Thalhah dan Zubair mengundurkan diri dari
peperangan, dan mereka terpaksa membayar harga pengunduran itu dengan
nyawa mereka. Tetapi mereka beruntung dapat menemui Allah mereka dengan
hati yang senang dan tenteram, disebabkan karunia yang telah
dilimpahkan-Nya kepada mereka, berupa petunjuk dan fikiran yang benar ….
Adapun Zubair ia telah diikuti seorang
laki-laki bernama Amru bin Jarmuz yang membunuhnya di kala ia sedang
lengah, yakni sewaktu ia sedang bershalat … ! Dan mengenai Thalhah, ia
dipanah oleh Marwan bin Hakam yang menghabisi hayatnya….

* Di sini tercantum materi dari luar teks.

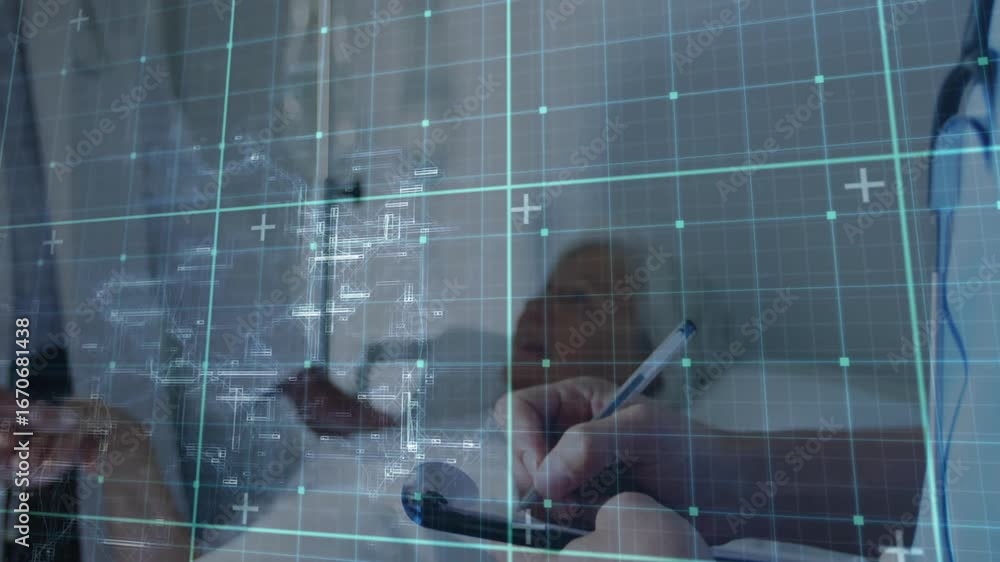 Poster medical professional receiving form and recording patient data while digital grid overlay pulsing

Peristiwa terbunuhnya Utsman telah
mendatangkan keresahan pada jiwa Thalhah, hingga sebagaimana telah kami
katakan dahulu menyebabkan kemelut hidupnya. Padahal, ia tidaklah ikut
dalam pembunuhan, tidak ‘pula menghasut orang untuk
membunuhnya, ia hanya membela orang yang menentang Utsman, di waktu
belum ada tanda-tanda bahwa penentangan itu akan berlanjut dan
berlarut-larut hingga berubah menjadi kejahatan atau tindak pidana yang
kejam …
Dan sewaktu ia ikut mengambil bagian
dalam perang Jamal bersama pasukan yang menentang Ali bin Abi Thalib
menuntut bela kematian Utsman, maka tujuannya dengan tindakan itu, ialah
untuk menebus dosa yang akan membebaskannya dari tekanan bathinnya.

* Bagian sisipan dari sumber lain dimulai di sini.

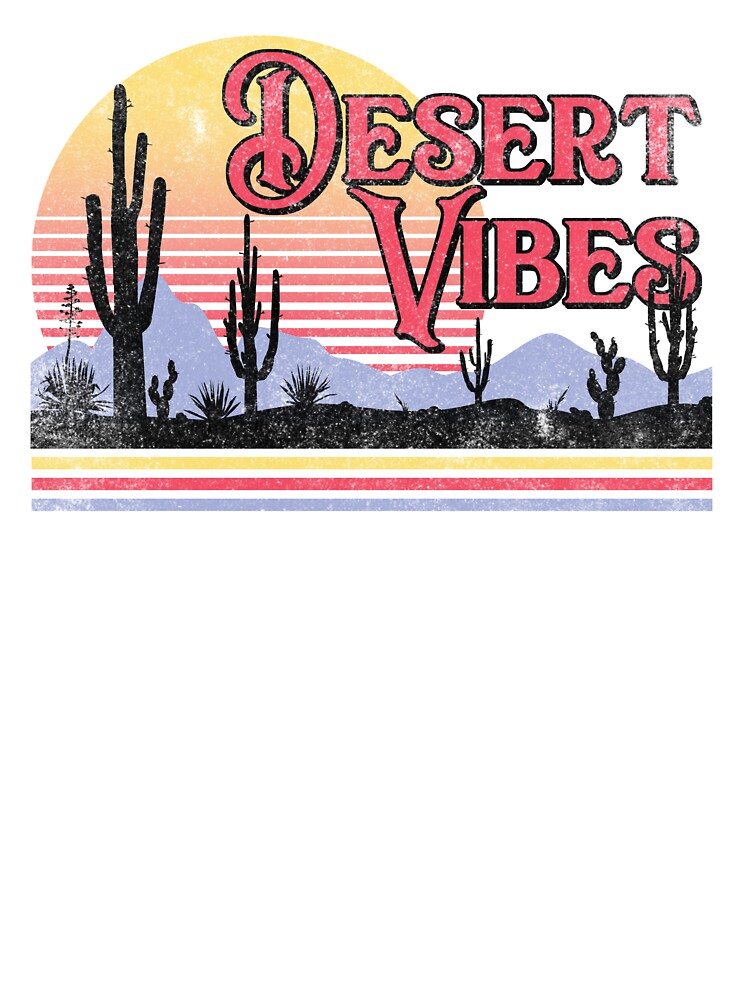Desert Vibes Retro Sunset Striped Western Cactus by The secret storage room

Sebelum memulai pertempuran, dengan suara
yang tersekat oleh air mata, ia berdu’a dan merendahkan diri, katanya:
“Ya Allah ambillah sekarang balasan kesalahanku terhadap Utsman hingga
Engkau ridha kepadaku . . . . “. Maka tatkala ia ditemui Ali seperti
yang telah kita ceriterakan, kata-kata Ali telah menerangi hatinya,
sehingga bersama Zubair mereka melihat kebenaran lalu meninggalkan
medan perang.
Tetapi mati sebagai syahid telah
disediakan untuk mereka ber dua! Benar . . . ! Mati syahid adalah hak
Thalhah yang dikejarnya dan mengejar dirinya, di mana pun ia berada …
karena bukanlah Rasulullah telah bersabda tentang hal ini: “Inilah dia
orang yang akan mengurbankan nyawanya! Siapa yang ingin menyaksikan
seorang syahid yang berjalan di muka bumi, maka lihatlah Thalhah … !”
Karena itulah ia menemukan syahid, tempat
kembalinya yang agung dan yang telah ditentukan, dan dengan demikian
berakhir pula perang Jamal . . . . Ummul Mu’minin Aisyiah menyadari
bahwa ia telah tergesa-gesa dalam menghadapi persoalan itu, karena itu
ditinggalkannya Bashrah menuju Baitul Haram dan terns ke Madinah, tak
hendak campur tangan lagi dalam pertarungan itu. la dibekali oleh Imam
Ali dalam perjalanannya dengan segala perbekalan dan diiringi
penghormatan ….
Sewaktu Ali meninjau orang-orang yang
gugur sebagai syuhada di medan tempur, semua mereka dishalatkannya,
baik yang bertempur di fihaknya maupun yang menentangnya. Dan tatkala
selesai memakamkan Thalhah dan Zubair, ia berdiri melepas keduanya
dengan kata-kata indah dan mulia, yang disudahinya dengan
kalimat-kalimat berikut ini:
“Sesungguhnya aku amat mengharapkan agar
aku bersama Thalhah dan Zubair dan Utsman, termasuk di antara
orangorang yang difirmankan Allah:
“Dan Kami cabut apa yang bersarang dalam dada mereka dari kebencian sebagai layaknya orang bersaudara, dan di atas pelaminan mereka bercengkerama berhadap- hadapan…. “. (Q.S. 15 al-Hijr: 47)
Kemudian disapunya makam mereka dengan
pandangan kasih sayang, yang keluar dari hati bersih dan penuh belas
kasih, seraya katanya:
“Kedua telingaku ini telah mendengar sendiri sabda Rasulullah saw. Thalhah dan Zubair menjadi tetanggaku dalam surga…. “.